Review by Derrick Carter
Running Time: 2 hours
MPAA Rating: R
Directed by: George A. Romero, Dario Argento
Written by: George A. Romero, Dario Argento, Franco Ferrini
Starring: Harvey Keitel, Adrienne Barbeau, Ramy Zada, Sally Kirkland, E.G. Marshall, Martin Balsam, Tom Atkins
The works of Edgar Allan Poe have been the source of many horror films, including a massive amount directed by Roger Corman and starring Vincent Price. Out of all these films, one that has a special place in my heart is TALES OF TERROR from 1962 which is an anthology containing three of Poe’s best stories. TWO EVIL EYES adapts two of the tales from that film and puts a modern spin on both. It also is crafted by two famous film directors that the genre has to offer. While both stories are quality stuff, one outshines the other significantly.
THE FACTS IN THE CAST OF M. VALDEMAR: Jessica is the trophy wife of the elderly Ernest Valdemar. She and her lover, Robert, have found a way to wind up rich as her husband is dying from an awful illness. Robert is a professional hypnotist putting Valdemar in a trance to sign some documents and relieve some of his pain. Unfortunately for Jessica and Robert, Valdemar passes away before the funds left in her name have been transferred. They freeze the body to keep it from decomposing and they will wait until the money comes through before revealing that Valdemar died. The trance that Valdemar was under was never lifted and his soul remains in agony, haunting the couple. The couple’s lies pile on top of each other and Valdemar’s restless spirit violently seeks vengeance.
The cast of this segment features a couple of familiar faces in the horror world. Adrienne Barbeau (from THE FOG) plays Jessica and E.G. Marshall (who appeared in Romero’s CREEPSHOW) appears in a supporting role. The story overall feels like it belongs as one of the better episodes of TALES FROM THE DARKSIDE, which is both a complaint and a compliment. At times, the story is dark and well-paced. However, things become a little too cheesy near the end and one special effect in particular (repeated throughout the climax) is laughable. There was surely a better way of pulling this off, but Romero wound up making it a slice of horror camp. The story is fun overall, but it pales in comparison to what comes next. B
THE BLACK CAT: Dario Argento knocks it completely out of the park with his twisted take on one of the best Poe stories of all time. Romero’s segment ran at about 50 minutes and Argento’s runs at more than an hour. Some may argue that seems like a large amount of time for a story in an anthology, but every second was needed. In fact, I would have loved to see this segment stretched into a feature-length film and it might have gone down as one of Argento’s crowning achievements. Featuring references to other Poe tales (a death mirroring THE PIT AND THE PENDULUM shows up and the main character’s name is Rodrick Usher), this story is bleak as hell and downright disturbing throughout.

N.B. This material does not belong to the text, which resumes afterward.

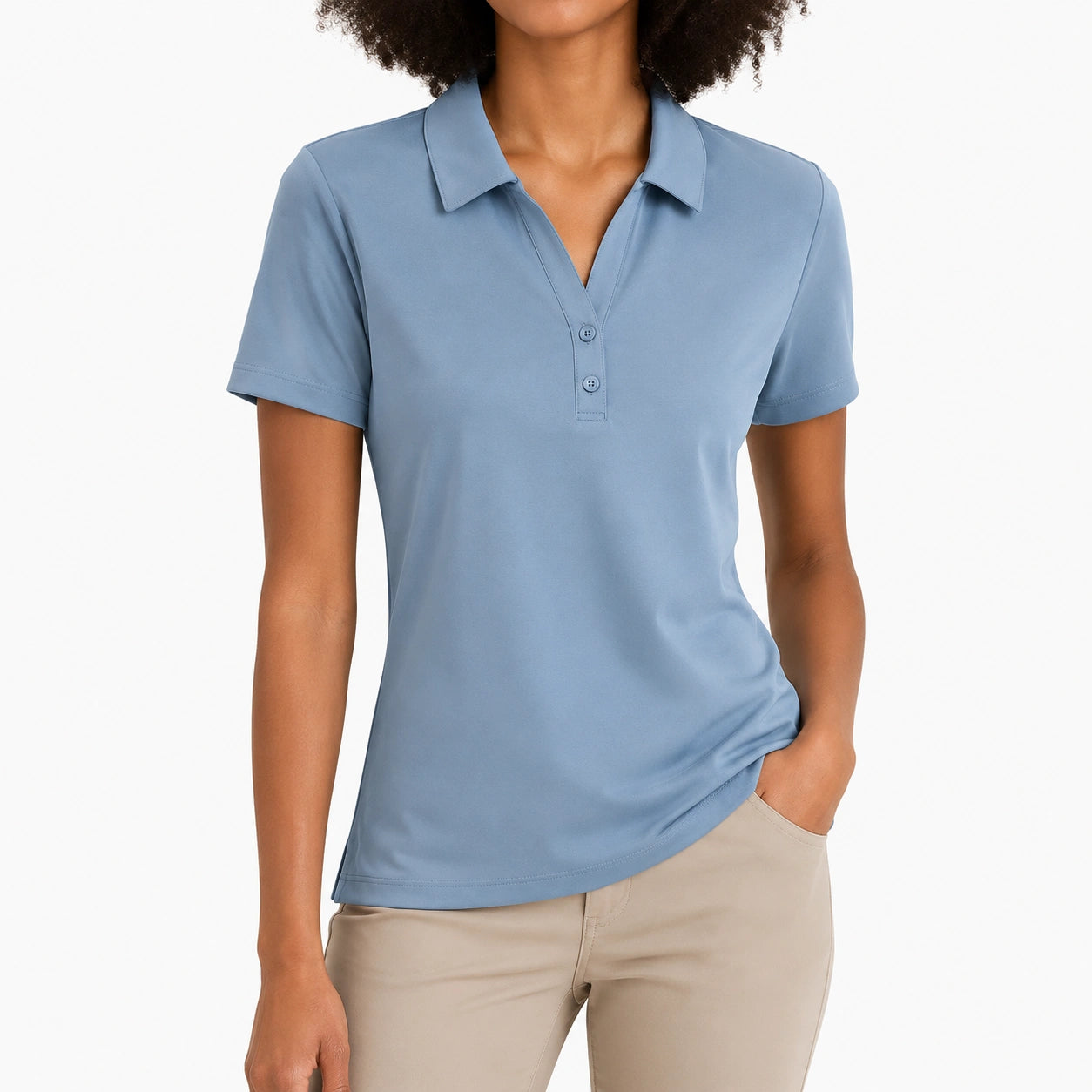 Polo donna taglia M blu a maniche corte con colletto classico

Rod Usher is a crime scene photographer and takes his work very seriously. He sees it as art. This has molded him into a cruel man. His artistic wife is an unusual woman and takes in a stray black cat. The animal takes an immediate strong disliking to Usher and he returns the hatred. In a fit of rage, he kills the animal and uses photos of the dead feline for his morbid art book. When his wife finds out, she tries to leave him and things go terribly wrong. An cat bearing resemblance to the one he killed also makes its way into Usher’s life, which drives him further over the brink into madness.
Though minor details have been added and the setting has been changed, this telling of Poe’s classic tale of madness is true to the text. It’s essentially the same story just told in present day and done with a definite eye for artistic direction (as Argento used to be known for). Harvey Keitel sells his downright evil character very well. While most say that Argento’s last good movie was OPERA, I’d argue that TWO EVIL EYES showcases the last fantastic effort by a former master of the genre. As much I loathe SUSPIRIA (which I feel is a terrible movie that’s vastly overrated), Argento has always excelled at human horror (e.g. DEEP RED, TENEBRE) and THE BLACK CAT makes for a stellar viewing experience. Downright demented, brilliantly executed, and never letting a moment of anything remotely light-hearted come through. This is the kind of adaptation that Poe’s tales deserve. A+
TWO EVIL EYES is a great movie, but it winds up that way based solely on Dario Argento’s contribution to the semi-anthology as it were. Romero’s entry was fun, but felt like it belonged on an episode of TV horror anthology. It certainly radiated the campy fun of those TV broadcasts. It’s a movie that (like many others I’ve been checking out this month) doesn’t get the recognition that it deserves. This is well worth the time of any film fan on a chilly October evening. Just be prepared to creeped out by the second story long after it’s over.